The use of DNA extraction, PCR, sequencing, and probe biases, and a lack of bioinformatics support for next-generation sequencing and metaproteomics, continue to limit innovative technologies. The development of bioinformatics tools, however, has led to a noteworthy advancement in this sector in recent years. The current dispute will create quantitative information for bacteria involved in the CH4 cycle and to parameterize this data for substantial use in climate and ecological models. Because their metabolic capacities are not well known, many methanogens and methanotrophs are not cultivable. This is a crucial need for the accurate integration of microbiological data in the prediction forms.

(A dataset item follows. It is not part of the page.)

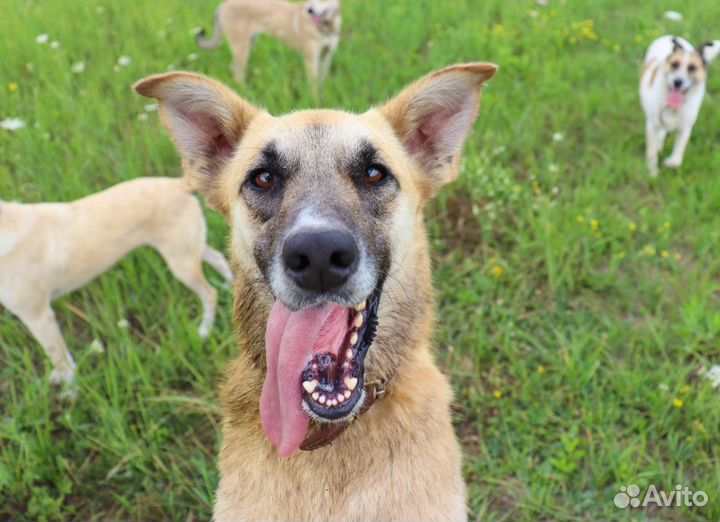 Солнечная девочка в дар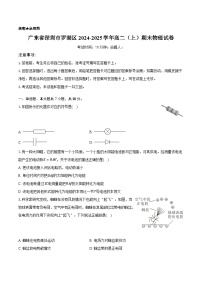 广东省深圳市罗湖区2024-2025学年高二（上）期末物理试卷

Stable isotope probing and methods like DNA and RNA analysis can help determine the physiological capacities of different animals. Due to information gaps about DNA and RNA, stable isotope probing methods with a relatively high substrate concentration are required to label DNA sufficiently [57, 58]. PLFA-SIP, which combines stable isotope probing with PLFA, may detect active bacteria at ecologically relevant concentrations. This method, however, is unable to precisely identify microorganisms at the species level due to a lack of phylogenetic precision. Environmentally substantial amounts of substrate may be used for metagenomic and metaproteomic investigations thanks to technological advancements in SIP and associated apparatus [59,60,61,62,63,64,65]. Additionally, it is necessary to classify the habitats used by populations of methanogens and methanotrophs. Therefore, a demonstration of niche adaptation in methanogens and methanotrophs was provided before [38, 66,67,68,69,70,71,72]. However, in the next three millimetres of water-saturated soils, Reim and colleagues discovered vertical niche divergence in gamma proteobacterial methanotrophs [73]. Given the local commerce that may be identified on a small scale, this is very significant and indicates the necessity for specific niche identification.

Conclusion

Methanogenesis is the anaerobic production of methane by methanogenic Archaea. Methanogenesis can come from a variety of anthropogenic and natural sources (human sources). Methylotrophic bacteria use and break down reduced carbon molecules like methane, contributing significantly and significantly to climate change. This particular bacterial group is unusual in that it helps to maintain the climate by lowering greenhouse gas emissions. The rice field is the most prevalent environment for methanotrophs, where enzymatic activities are aided by other species including methanogens and algae. Although methane (CH4) emissions are projected to vary due to climate change, the dynamics of methanogens and methanotrophs under this transition have not yet been thoroughly studied. Agriculture, particularly the rearing of cattle, is the largest anthropogenic source of methanogenesis. Methanogenesis from the production of animals and organic matter decomposition contributes significantly to global warming. The inclusion of microbial knowledge into the development of prediction models will be greatly aided if we can identify the niche separation for certain microbial groups with specified physiological capabilities and their control. Furthermore, such information may be used to investigate extensive data on the generation of methane and the use of particular unidentified genes as a molecular pathway.